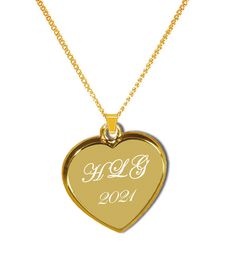 "This personalized gold plated heart pendant necklace can be engraved for that special occasion. Add a personalized meaning by engraving a name, date, or initials. Includes 20 inch chain Dimensions: 0.875\" x 0.875\" Material Gold Plated How To Send Engraving Instructions: When you are ready to order click ADD TO CART. During checkout fill out the ADD A NOTE section with your engraving instructions. You can also send a message prior to purchase to discuss the engraving you would like." Gold Nameplate Heart Necklace For Gift, Personalized Gold Necklaces For Anniversary Gift, Personalized Gold Heart Pendant Name Necklace, Personalized Gold Name Necklace For Valentine's Day, Gold Nameplate Charm Necklace For Valentine's Day, Customizable Gold Heart Necklace, Customizable Gold Heart Necklace For Gift, Gold Heart Nameplate Necklace, Gold Nameplate Heart Necklace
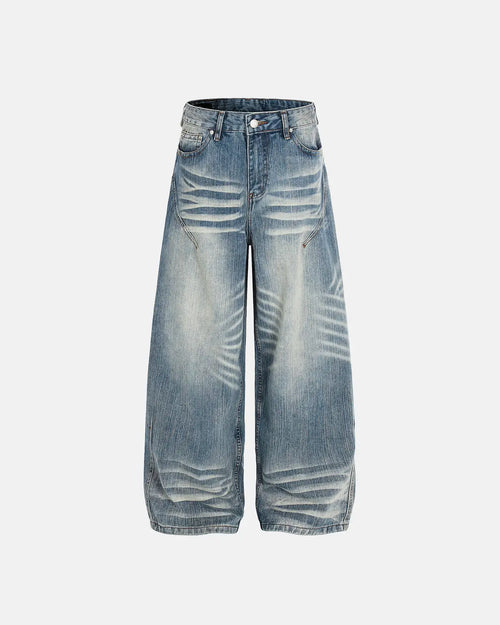 Acid wash Whisker bamboo weave jeans by INFLATION Streetwear, showing a close-up of distressed denim fabric and textured bamboo details.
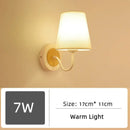 Wood and Frosted Glass Japanese Minimalist Sconces with warm light and wood accent, perfect for serene ambiance.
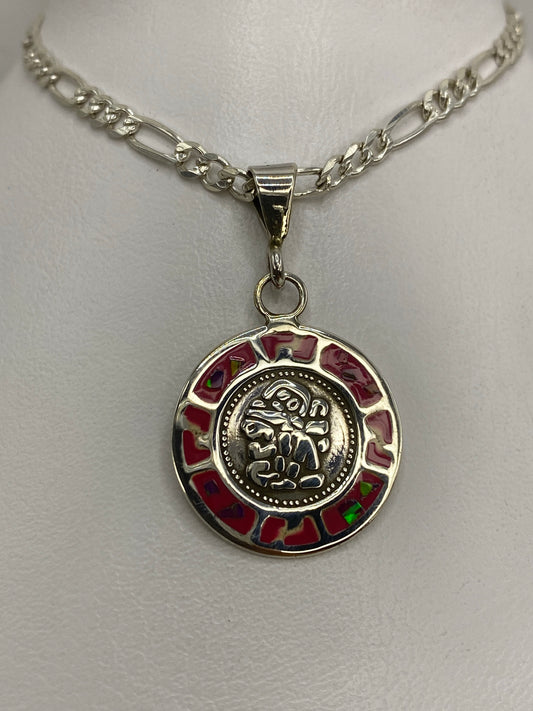 Dije de plata con motivo prehispánico y ópalo de fuego rosa, colgando de cadena figaro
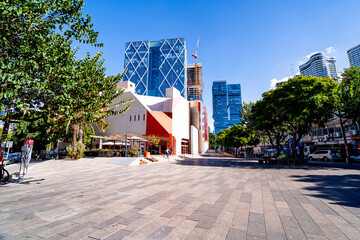 People in city square with futuristic architecture in Tel Aviv, Middle East. Contemporary architecture in modern Israel. © Tomasz
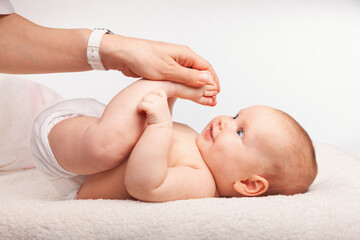 Physiotherapist performing infant development exercise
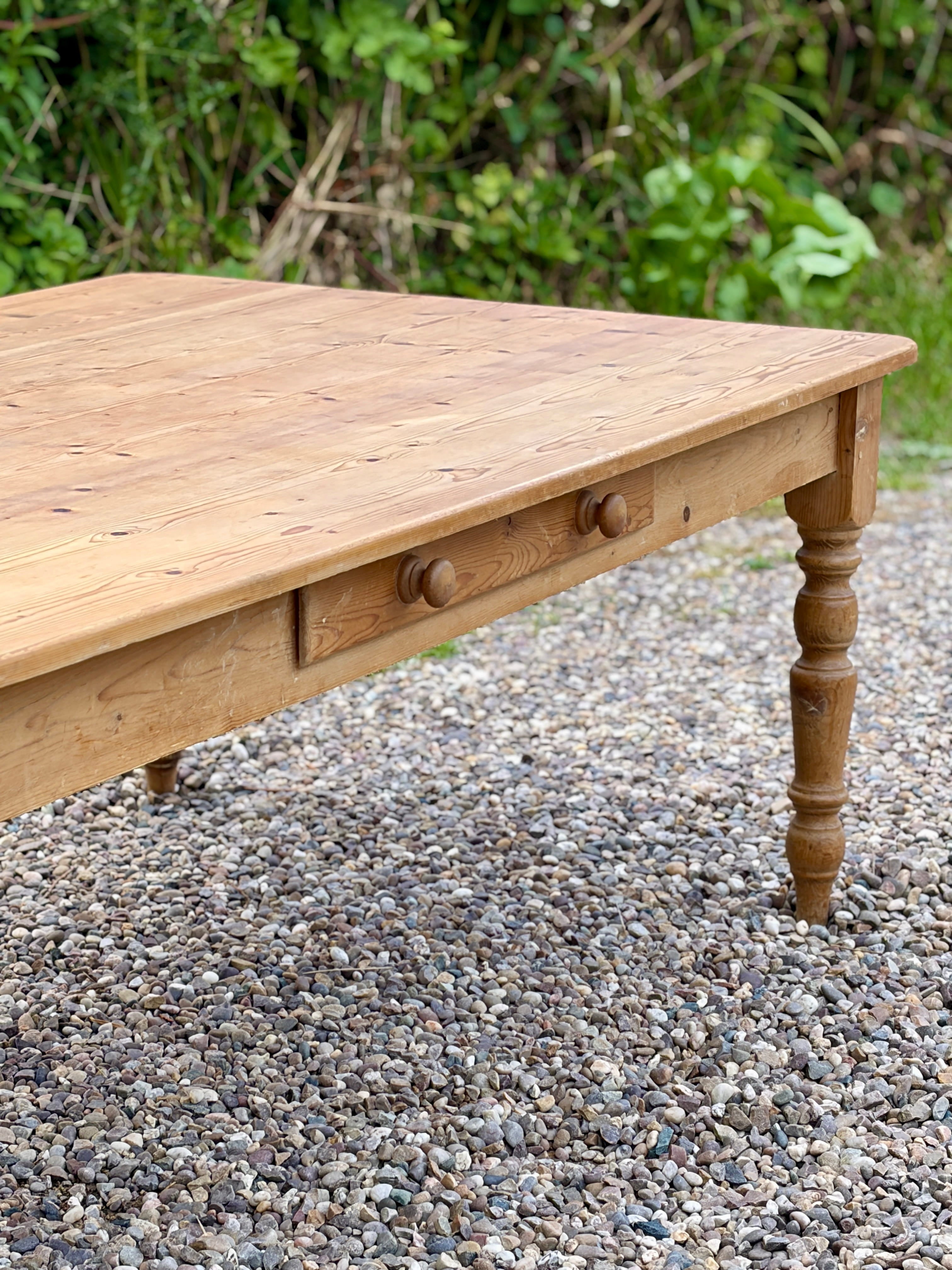 Wooden table with drawers on a gravel surface with greenery in the background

• [Work to complete]: Starting at the line that contains "People in city", please write out each line through the last line of the data, both ends included, and keep pictures out of the copy.

• [Solution to the exercise]:
 People in city square with futuristic architecture in Tel Aviv, Middle East. Contemporary architecture in modern Israel. © Tomasz
 Physiotherapist performing infant development exercise
 Wooden table with drawers on a gravel surface with greenery in the background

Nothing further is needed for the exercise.